I’ve been pretty busy lately. It’s quite an undertaking birthing an online community – I had no idea what I was in for. Plus, I have two children, a husband, Emmi Interiors’ clients, a house, etc., etc., to manage as well. I’ve been working seven days a week, all day long, for too many weeks now. So, yesterday, at the insistence of my husband, I took the day off. I guess it was the crying that inspired him, but he let me know in no uncertain terms that I was running myself into the ground and needed to stop.
If passing out at 11:30 p.m. isn’t rest, what is? I decided to start with breakfast, which I ate while listening to music and doing Sudoku. Obviously, I was out of “take time to smell the flowers” practice, because I was still multitasking. Later I meditated, or tried to, while unnerving thoughts about what I should have been doing kept going through my mind. I compromised by puttering around, doing small inane tasks that satisfied my need to do something, but took no real energy. By the time I got to yoga, I did better with focusing on the moment.
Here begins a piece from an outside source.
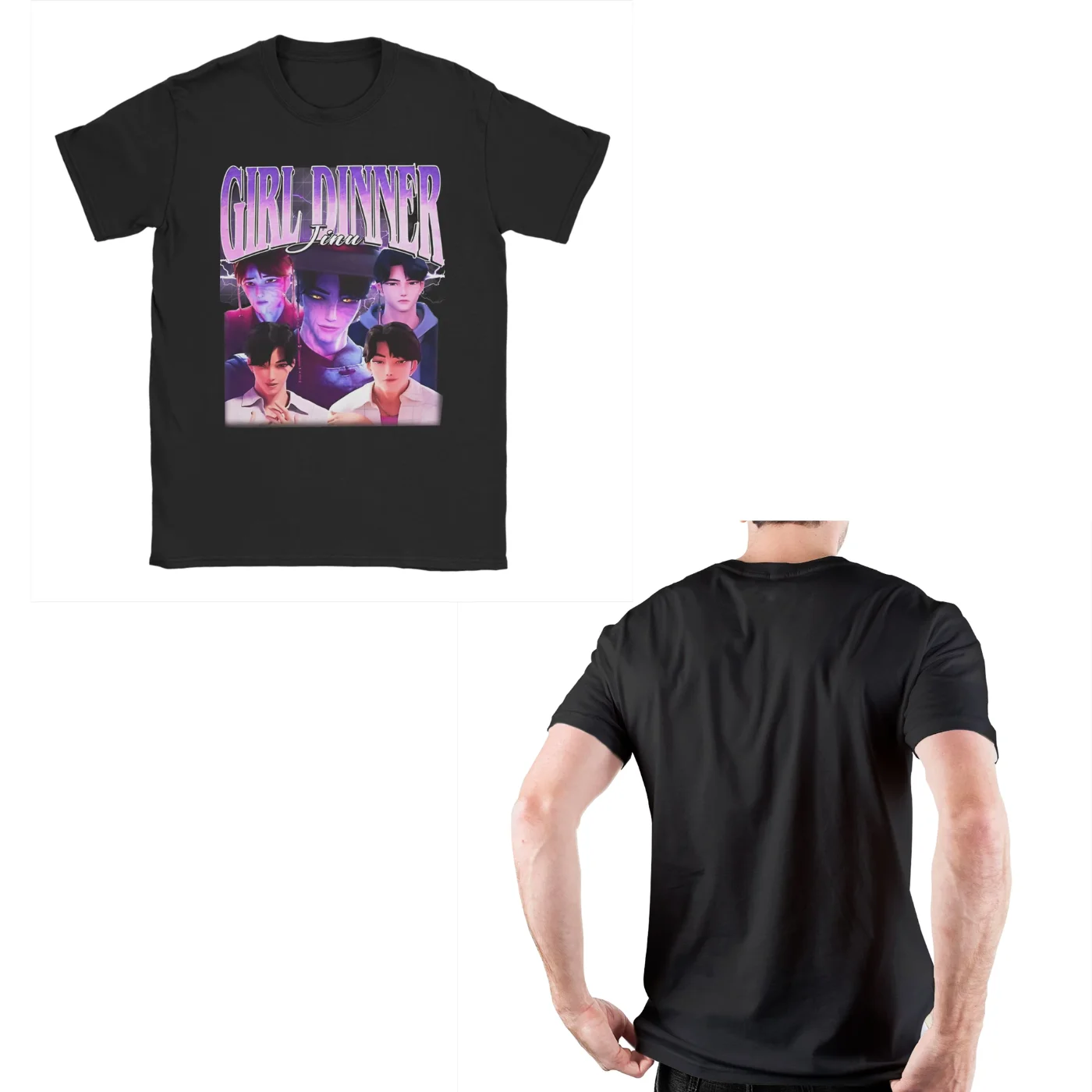 الرجال تي شيرت فتاة عشاء Jinu Kpop شيطان هنتر الشرير مضحك 100% القطن تيز قصيرة الأكمام تي شيرت Crewneck الملابس حجم كبير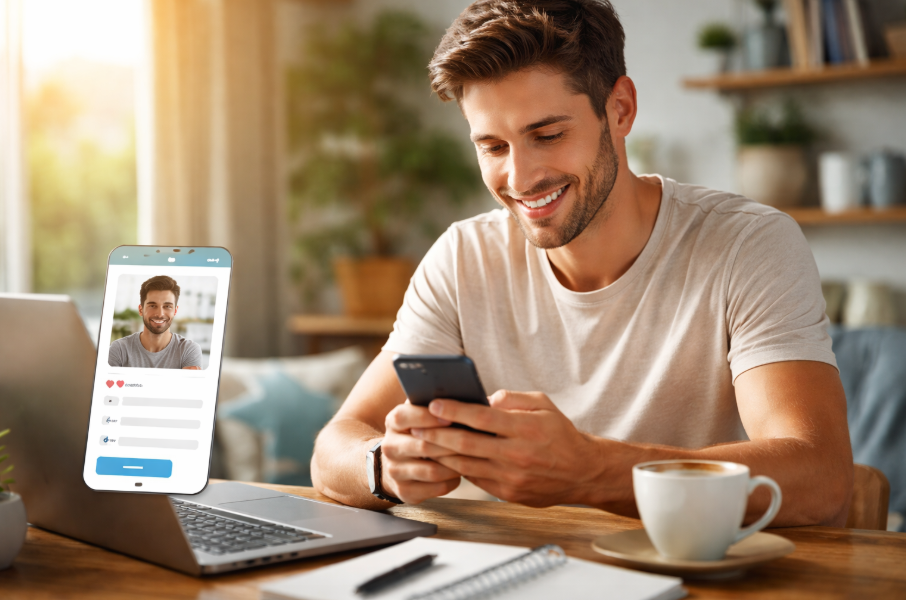 Dating Profil erstellen: Mann bearbeitet sein Profil auf dem Smartphone zu Hause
Finally, I was able to curl up on my bed and watch television. Maybe it was my love of Kyra Sedgwick and “The Closer” that calmed me, but it was very relaxing nonetheless. Whenever I thought about work, I reminded myself that work was for tomorrow. I remembered that during my treatment days I needed to do the same thing – stop myself from continuously focusing on cancer. I would really be with my children, watch something that made me laugh, be with friends – anything for a few seconds of relief from cancer. We cannot sustain work or worry 24/7. We need to find ways to rest, recharge and rebuild. We all have different ways of attaining rest; let me know what works for you. I’m sure I would learn a lot.